THE PROBLEM
What you return should match the listing exactly, minus its images.

INFORMATION SHOWN
——————
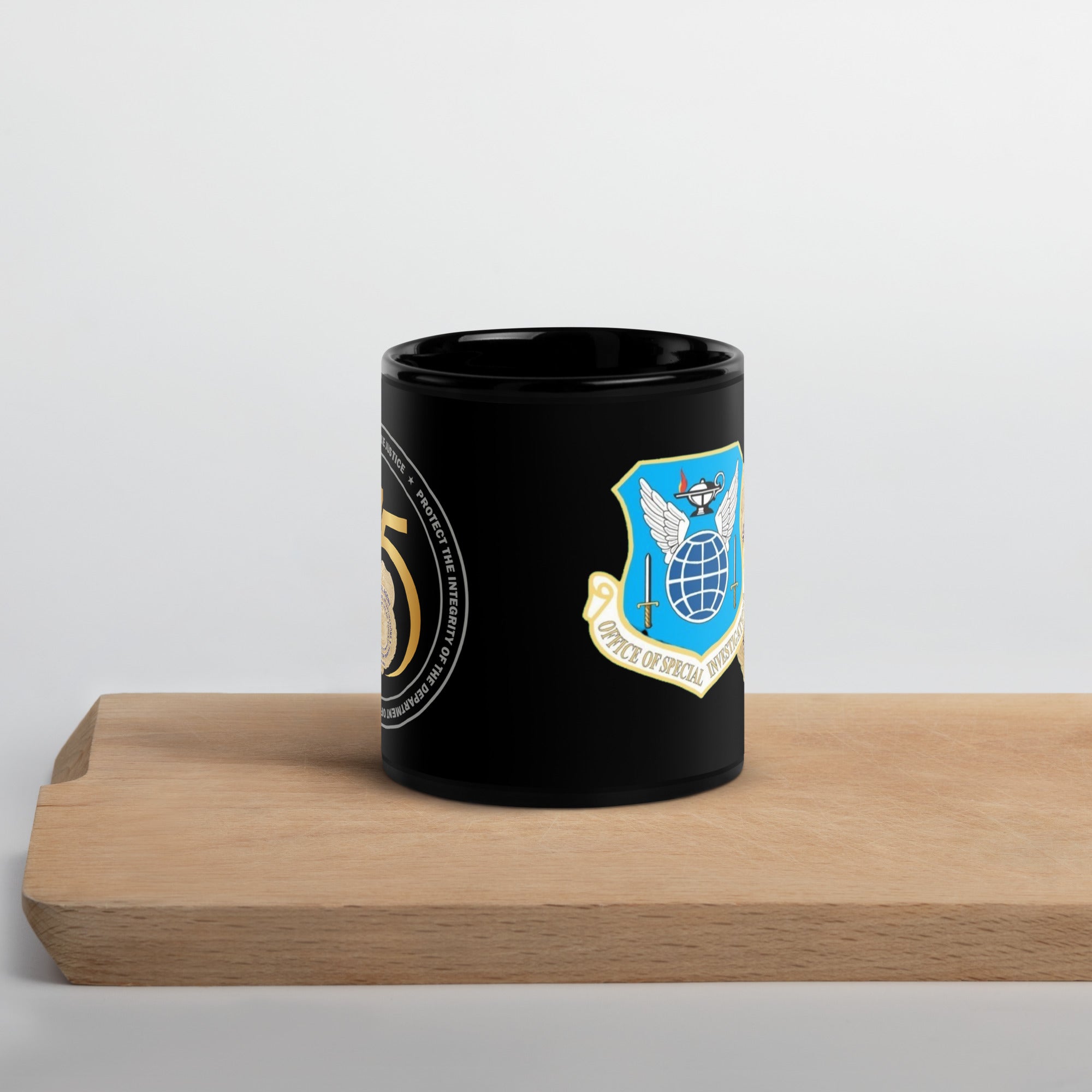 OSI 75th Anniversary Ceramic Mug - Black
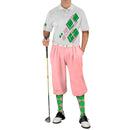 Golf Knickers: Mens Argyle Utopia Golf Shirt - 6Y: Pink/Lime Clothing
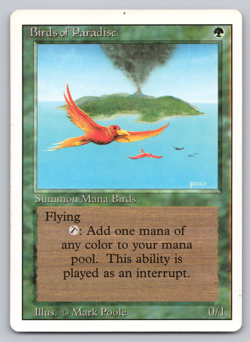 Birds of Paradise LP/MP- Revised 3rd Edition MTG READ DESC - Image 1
——————
SOLUTION FOR THIS TASK
 OSI 75th Anniversary Ceramic Mug - Black
 Golf Knickers: Mens Argyle Utopia Golf Shirt - 6Y: Pink/Lime Clothing
 Birds of Paradise LP/MP- Revised 3rd Edition MTG READ DESC - Image 1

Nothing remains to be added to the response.